For IT, as mentioned earlier, having the application inventory would definitely help in project implementation and support. Knowing who the application owners and support personnels are at the minimal would save the project team time from hunting around and getting the right information from the right people. Project risk would be significantly reduced, resulting in faster delivery time and lower project cost as well.
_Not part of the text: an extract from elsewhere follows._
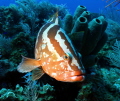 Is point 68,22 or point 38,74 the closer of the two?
point 38,74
A possible Application Inventory Implementation

So how should we go about creating an application inventory, and keep it up to date? As we discussed earlier, it might not be entirely feasible to have a single person own the entire application inventory that covers all the possible spectrum of usage. SSO and IDM are just two potential usage, and there could be more. Yet, we feel that it is important that there is a single master source of all applications in the enterprise.

All this would point us to the need to main a lightweight, business information focus Application Inventory at the Enterprise level. This Enterprise level owner will be focused on the business aspect of the applications: what they are used for, any supporting applications or inter-application relationships, the business owners. Other useful information to keep for business might be the capex and opex of the application for portfolio planning purpose. From an IT perspective, support personnel names, downtime schedule would be useful as well.

At the Enterprise Application Inventory level, the entry could be mark if it supports SSO or IDM (or other similar ‘integration mechanism’) as well. This will then allow the owner to direct the more specific details down to the respective domain expert who will own the Application Inventory at that level. Having the right details at the right level would be the better approach, as they would be more aware of the domain information as compared to the owner on the Enterprise level.

Yet, it should be noted that the first point of contact for any application should always be through the Enterprise Application Inventory owner. Applications must be only added/removed on that level, and he would be responsible for informing the Application Inventory owners of the other level, and directing the new application owner to update those Application Inventories on the other level as necessary. The Enterprise Application Inventory would be the master source, containing pointers to the other sub-domains (similar to the concept of DNS). If a new application comes onboard, and require integrations to other applications, but no such information/sub-domain is available, it could suggest a ‘pointer entry’ in the Enterprise Application Inventory. This ‘pointer entry’ would allow it to be notify of any application changes in the future when the application owner notifies the Enterprise Application Inventory owner.

In fact, it is as important to establish this application update process that propagates down from the Enterprise level to the specific domain level on top of the maintaining of the inventories themselves. Without the established process, the multiple inventories would likely go out of sync as quickly as they began. There simply is no one to enforce the consistency, nor any communication protocols that could be used in the enterprise. Having the process and governance in place is critical to keeping the Enterprise Application landscape clean and tidy.

Conclusion

Application Inventory is nothing new. It seems fairly common sense, and extremely beneficial to business. Some organisations might even be doing it, but they might be in silos. Meaning the IDM had their own inventory, and SSO had their own inventory. There is no one to bring them all together, or an established process to manage the updates. Other new projects or business are unable to reap the benefits.

What they need is to bring it together. Set the purpose and business benefits of maintaining an Enterprise Application Inventory. Find a strong Enterprise champion for the cause. Establish the ‘pointer entries’ to the subdomains. Define a governance process.

With this, new projects as well as business would have better visibility into the Enterprise Application landscape, resulting in better IT spending and planning. And you might just no longer need to go through crunch time or frustration for your next project implementation.